| Work to be completed |
Within the entries below, find the portion that opens with the line containing "a small white" and closes with the line containing "Sala con sof&aacute;". Retype that portion exactly and only.

| Supplied data |
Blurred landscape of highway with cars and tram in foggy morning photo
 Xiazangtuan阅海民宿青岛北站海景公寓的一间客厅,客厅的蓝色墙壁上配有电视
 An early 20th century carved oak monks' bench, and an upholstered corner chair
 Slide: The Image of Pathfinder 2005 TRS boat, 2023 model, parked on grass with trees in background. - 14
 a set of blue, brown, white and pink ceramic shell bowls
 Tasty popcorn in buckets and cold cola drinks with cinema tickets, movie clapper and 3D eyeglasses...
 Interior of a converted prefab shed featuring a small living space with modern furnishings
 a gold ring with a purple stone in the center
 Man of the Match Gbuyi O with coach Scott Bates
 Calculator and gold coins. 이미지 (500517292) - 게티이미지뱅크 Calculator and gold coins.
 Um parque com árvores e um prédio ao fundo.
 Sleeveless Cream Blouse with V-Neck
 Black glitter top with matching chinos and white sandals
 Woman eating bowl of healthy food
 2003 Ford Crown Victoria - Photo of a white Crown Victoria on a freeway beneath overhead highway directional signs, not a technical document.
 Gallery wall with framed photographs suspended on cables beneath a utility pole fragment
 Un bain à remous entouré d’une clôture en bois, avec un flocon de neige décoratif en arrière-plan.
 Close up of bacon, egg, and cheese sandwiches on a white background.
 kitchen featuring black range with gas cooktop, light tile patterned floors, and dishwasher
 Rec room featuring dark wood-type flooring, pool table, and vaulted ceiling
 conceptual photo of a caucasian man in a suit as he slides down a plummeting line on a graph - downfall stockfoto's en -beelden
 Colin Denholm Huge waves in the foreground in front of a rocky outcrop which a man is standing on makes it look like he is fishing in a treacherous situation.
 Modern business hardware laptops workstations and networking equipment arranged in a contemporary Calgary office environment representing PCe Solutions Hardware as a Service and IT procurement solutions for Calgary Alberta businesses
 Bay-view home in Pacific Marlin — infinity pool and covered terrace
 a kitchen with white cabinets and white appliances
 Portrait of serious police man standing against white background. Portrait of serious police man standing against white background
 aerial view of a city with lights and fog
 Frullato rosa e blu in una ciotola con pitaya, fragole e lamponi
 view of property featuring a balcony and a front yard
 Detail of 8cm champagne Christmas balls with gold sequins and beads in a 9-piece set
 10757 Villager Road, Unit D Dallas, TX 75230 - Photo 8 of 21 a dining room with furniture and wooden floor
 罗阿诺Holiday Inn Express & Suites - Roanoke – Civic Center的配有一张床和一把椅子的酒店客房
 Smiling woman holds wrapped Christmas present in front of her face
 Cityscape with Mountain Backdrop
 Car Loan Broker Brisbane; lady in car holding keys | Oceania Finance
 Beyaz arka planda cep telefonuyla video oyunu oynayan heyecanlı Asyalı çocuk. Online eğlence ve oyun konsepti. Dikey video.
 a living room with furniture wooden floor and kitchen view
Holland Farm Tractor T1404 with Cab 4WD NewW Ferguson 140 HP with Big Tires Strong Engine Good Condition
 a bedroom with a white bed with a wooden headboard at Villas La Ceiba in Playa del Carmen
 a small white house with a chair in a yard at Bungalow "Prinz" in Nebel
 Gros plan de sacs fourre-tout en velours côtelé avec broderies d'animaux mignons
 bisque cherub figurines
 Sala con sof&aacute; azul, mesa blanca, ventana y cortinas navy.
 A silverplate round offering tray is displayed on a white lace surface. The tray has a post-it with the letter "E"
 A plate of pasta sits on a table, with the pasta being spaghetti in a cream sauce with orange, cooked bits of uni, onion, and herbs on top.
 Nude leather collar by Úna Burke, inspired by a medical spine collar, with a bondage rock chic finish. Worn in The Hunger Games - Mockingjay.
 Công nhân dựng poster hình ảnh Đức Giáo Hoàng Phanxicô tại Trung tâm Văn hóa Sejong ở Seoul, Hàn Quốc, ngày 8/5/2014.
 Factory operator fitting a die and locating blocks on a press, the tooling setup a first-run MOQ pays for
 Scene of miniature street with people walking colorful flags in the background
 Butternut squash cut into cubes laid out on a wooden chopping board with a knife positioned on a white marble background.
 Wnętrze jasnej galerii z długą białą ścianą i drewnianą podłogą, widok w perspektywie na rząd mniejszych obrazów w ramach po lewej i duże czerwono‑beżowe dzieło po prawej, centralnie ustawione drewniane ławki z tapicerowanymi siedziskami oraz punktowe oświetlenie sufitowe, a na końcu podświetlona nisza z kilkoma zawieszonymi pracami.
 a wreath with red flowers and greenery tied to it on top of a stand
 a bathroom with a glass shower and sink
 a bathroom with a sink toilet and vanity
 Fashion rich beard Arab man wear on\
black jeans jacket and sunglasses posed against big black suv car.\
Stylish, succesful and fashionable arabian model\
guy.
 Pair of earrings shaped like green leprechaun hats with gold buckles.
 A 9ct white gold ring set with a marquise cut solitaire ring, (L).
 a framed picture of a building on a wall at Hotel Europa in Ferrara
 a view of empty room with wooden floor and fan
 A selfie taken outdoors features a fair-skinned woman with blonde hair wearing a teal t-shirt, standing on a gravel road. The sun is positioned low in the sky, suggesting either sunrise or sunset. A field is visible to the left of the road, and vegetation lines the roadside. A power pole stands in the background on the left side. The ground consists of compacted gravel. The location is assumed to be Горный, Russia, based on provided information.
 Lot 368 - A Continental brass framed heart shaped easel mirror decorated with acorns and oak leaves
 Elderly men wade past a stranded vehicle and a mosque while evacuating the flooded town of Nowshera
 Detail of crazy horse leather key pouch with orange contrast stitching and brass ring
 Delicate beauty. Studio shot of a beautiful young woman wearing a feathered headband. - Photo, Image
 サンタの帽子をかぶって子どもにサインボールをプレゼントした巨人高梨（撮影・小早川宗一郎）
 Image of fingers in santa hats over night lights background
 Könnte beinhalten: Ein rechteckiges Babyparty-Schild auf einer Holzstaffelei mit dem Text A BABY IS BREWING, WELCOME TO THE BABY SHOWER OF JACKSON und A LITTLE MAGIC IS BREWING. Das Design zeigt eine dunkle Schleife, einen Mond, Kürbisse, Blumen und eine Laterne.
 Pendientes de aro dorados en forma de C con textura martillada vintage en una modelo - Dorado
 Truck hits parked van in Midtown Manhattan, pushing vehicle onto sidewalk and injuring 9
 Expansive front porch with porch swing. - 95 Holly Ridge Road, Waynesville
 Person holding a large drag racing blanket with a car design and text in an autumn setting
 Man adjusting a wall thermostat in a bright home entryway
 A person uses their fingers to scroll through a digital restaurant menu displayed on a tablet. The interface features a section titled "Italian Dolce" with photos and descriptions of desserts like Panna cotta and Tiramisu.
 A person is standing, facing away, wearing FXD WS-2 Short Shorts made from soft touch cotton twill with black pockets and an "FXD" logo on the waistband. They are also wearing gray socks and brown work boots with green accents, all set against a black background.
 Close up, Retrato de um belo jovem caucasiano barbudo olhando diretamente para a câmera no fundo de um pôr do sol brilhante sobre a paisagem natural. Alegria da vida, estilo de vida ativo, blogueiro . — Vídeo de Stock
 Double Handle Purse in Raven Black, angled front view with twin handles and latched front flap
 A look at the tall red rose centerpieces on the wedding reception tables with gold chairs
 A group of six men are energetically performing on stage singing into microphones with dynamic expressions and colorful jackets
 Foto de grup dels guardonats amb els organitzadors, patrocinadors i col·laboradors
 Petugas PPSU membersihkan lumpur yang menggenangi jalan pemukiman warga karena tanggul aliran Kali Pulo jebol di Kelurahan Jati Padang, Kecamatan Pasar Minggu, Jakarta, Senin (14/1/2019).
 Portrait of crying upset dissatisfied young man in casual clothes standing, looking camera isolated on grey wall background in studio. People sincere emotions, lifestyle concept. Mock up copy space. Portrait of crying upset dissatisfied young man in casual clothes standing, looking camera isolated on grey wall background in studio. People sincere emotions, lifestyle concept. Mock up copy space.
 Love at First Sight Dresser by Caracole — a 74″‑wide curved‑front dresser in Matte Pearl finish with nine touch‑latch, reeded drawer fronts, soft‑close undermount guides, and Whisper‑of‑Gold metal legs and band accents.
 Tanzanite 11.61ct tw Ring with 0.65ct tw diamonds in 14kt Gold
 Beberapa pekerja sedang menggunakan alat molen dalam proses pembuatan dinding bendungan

| Answer section |
 a small white house with a chair in a yard at Bungalow "Prinz" in Nebel
 Gros plan de sacs fourre-tout en velours côtelé avec broderies d'animaux mignons
 bisque cherub figurines
 Sala con sof&aacute; azul, mesa blanca, ventana y cortinas navy.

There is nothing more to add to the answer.